The regulations, however, are just one piece of New York’s monumental and unprecedented policy overhaul to try to come to terms with shale gas development. The regulations represent the battle of today. A larger and more critical piece, and surely to become the battle of tomorrow, is a review of environmental and health impacts on which the regulations are based. That review, called the Supplemental Generic Environmental Impact Statement (SGEIS), has been in draft form since 2008 and there is no deadline for its completion. In theory, the state could begin issuing permits for shale development after the final version of the SGEIS is released, even if the regulations are not finalized.

That also would provoke an all out effort, including law suits, by the coalition of groups leading the anti-fracking campaign who have faulted the process every step of the way. A salient complaint is that the regulations were issued prior to the final SGEIS on which they were based, forcing the public to evaluate regulations without access to the SGEIS and relevant health and environmental considerations.

In response to a request from leaders of environmental groups, and in anticipation of law suits, Martens announced last fall that the state was hiring outside consultants to review the work of the DEC to ensure that it had sufficiently accounted for public health impacts of fracking.
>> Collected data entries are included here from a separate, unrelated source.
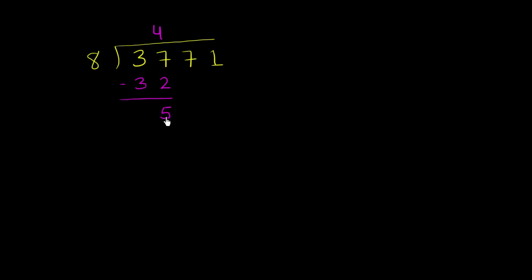So now we have this 5 to deal with, which is in the hundreds place, so it's really a 500. But now let's bring down another place value. So let's bring down the 7, and let's think about how many times does 8 go into 57? And we're really thinking about how much 8 goes into 570.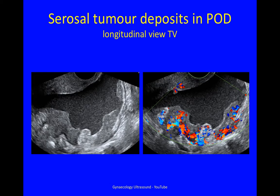This is a transvaginal view of the pouch of Douglas. Here you can see the cloudy ascites and irregular tumour deposits in the serosa, which are strongly vascular.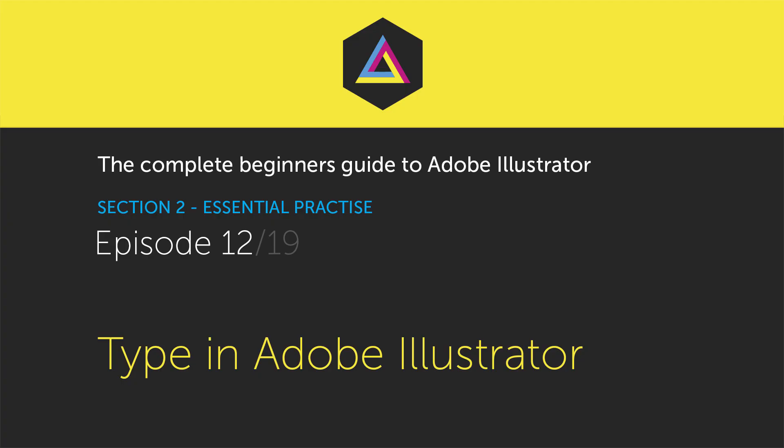Hello and welcome to this video tutorial brought to you by tastytutes.com. In this video, we are going to be focusing on type in Adobe Illustrator.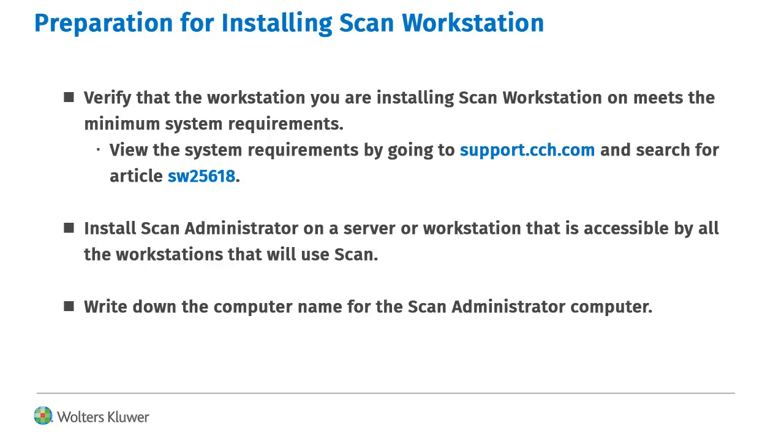Also, SCAN Administrator must already be installed. To complete the Workstation installation, you will need the name of the computer where SCAN Administrator is installed.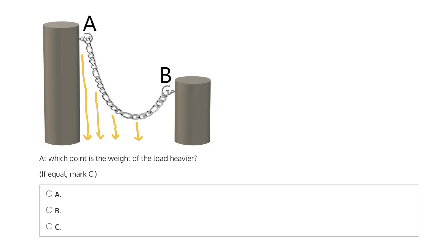You can see that the right half of the chain is supported by hook at position B, and the left half is supported by the hook at position A.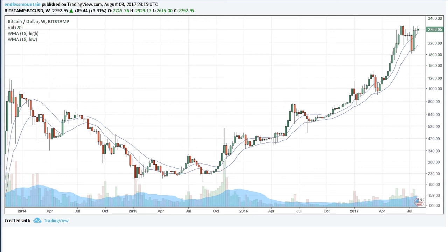Hello and welcome. Today is the third day of August 2017. My name is Derek and let's do a relatively quick video on Bitcoin — just on Bitcoin — as this weekly timeframe is really painting a very interesting picture.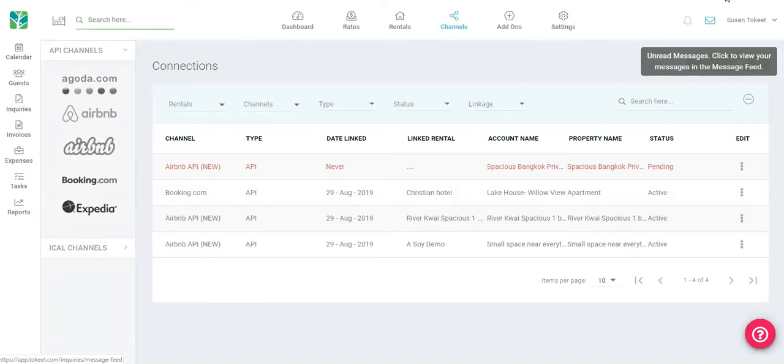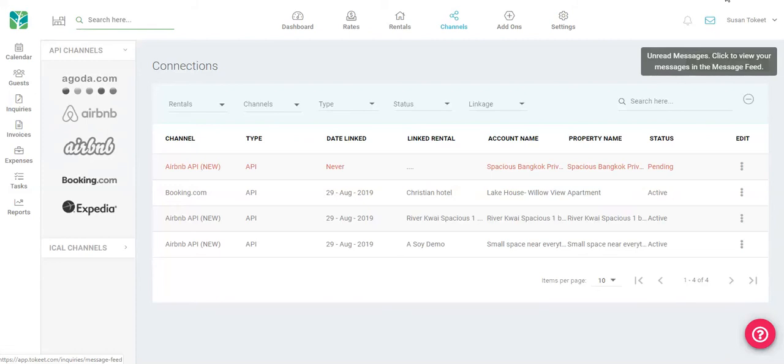Connecting to your channels is an essential part of vacation rental property management. One of the most popular channels is Airbnb, and thanks to our new hand-holding wizard, connecting to Airbnb or any other of the major API channels is simple.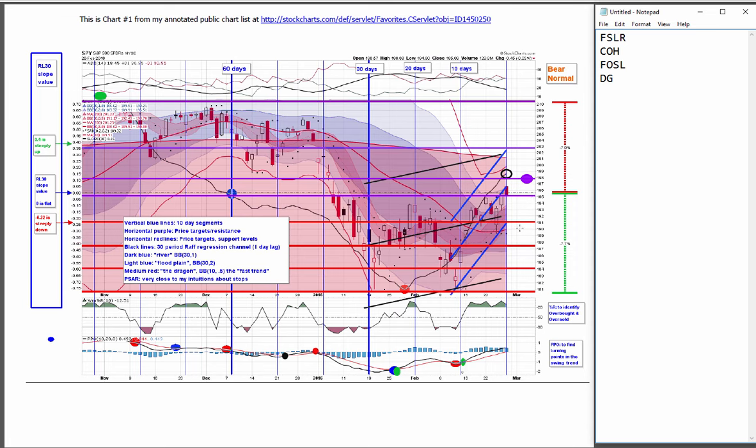Failure here and we get 191, 187, 184, 181. These were the resistance levels that were broken through and become price targets on the way down if this bear begins to reassert itself.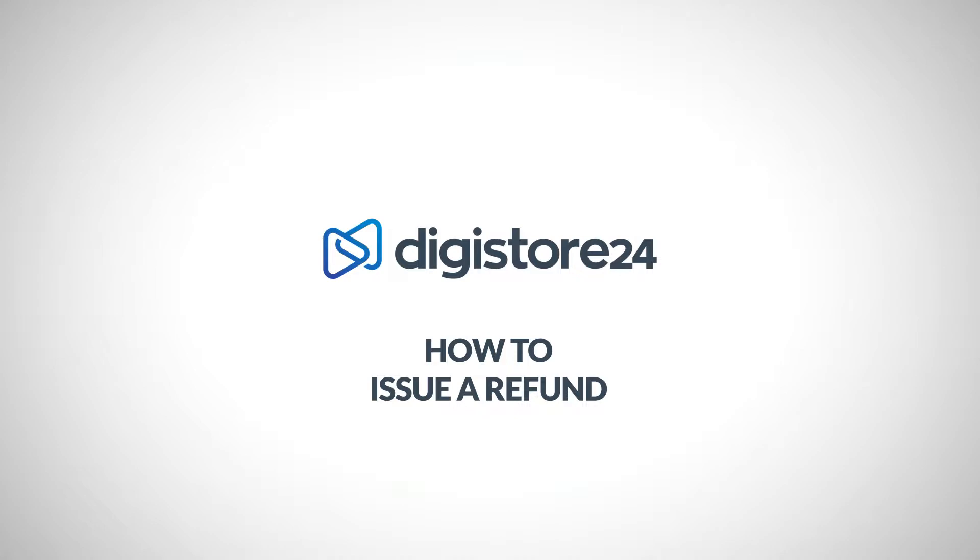Please note, if you're a customer who bought a product and wants to return it, you're watching the wrong video. This video is intended for Digistore24 vendors who sell their products via our platform.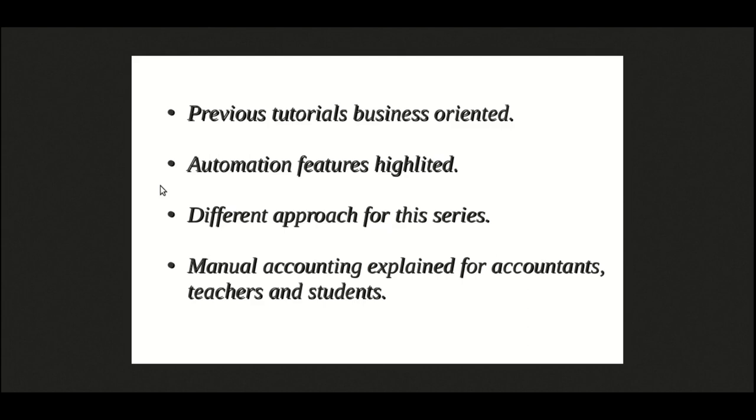This will not just get you started, but this will show you pretty much everything to make your business easy and stress-free. All the tutorials in this series so far have been very business-oriented and for those who wish to take full advantage of our automation features. In this tutorial, we are going to take a different view.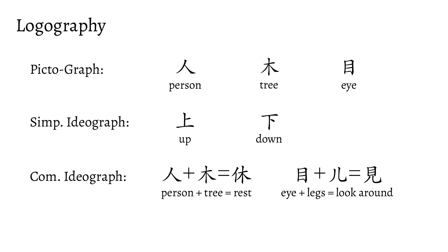The basic principle behind the logography is that each word or morpheme is represented by a single character. These can be pictographs, like in Chinese for person, tree, or eye, simple ideographs, like in Chinese for up and down, or compound ideographs, which combine two other characters to represent an idea. Like rest is a person under a tree, or look is an eye on legs.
Like the final SGEIS, the scope and results of that review have not been made public.

Even as the regulations are being developed, Cuomo’s administration has indicated through prepared statements that it is undecided on whether it will allow shale gas development. It is a subject that Cuomo rarely addresses publically. He did not mention it in this week’s State of the State address, even though fracking represents the biggest environmental policy fight in the state’s recent history.

Update: John Campbell, Gannett’s Albany reporter, reported today that if DEC officials intend to finalize the regulations by Feb. 27, administrative law requires them to release the final SGEIS (which includes a summary of the health assessment) at least 10 days prior. A mid-February release of the SGEIS would be a clear sign that the agency intends to push forward against the resistance with its plan to open New York of shale gas development. That would be a victory for those who have been supporting development for economic reasons. If the agency lets that window pass, it would signal the opposite.

1 comment:

  1. The comments may be overwhelming, but people here are overwhelmingly concerned as more science comes out about the fracking process and the aftermath. Thanks for the great post Tom!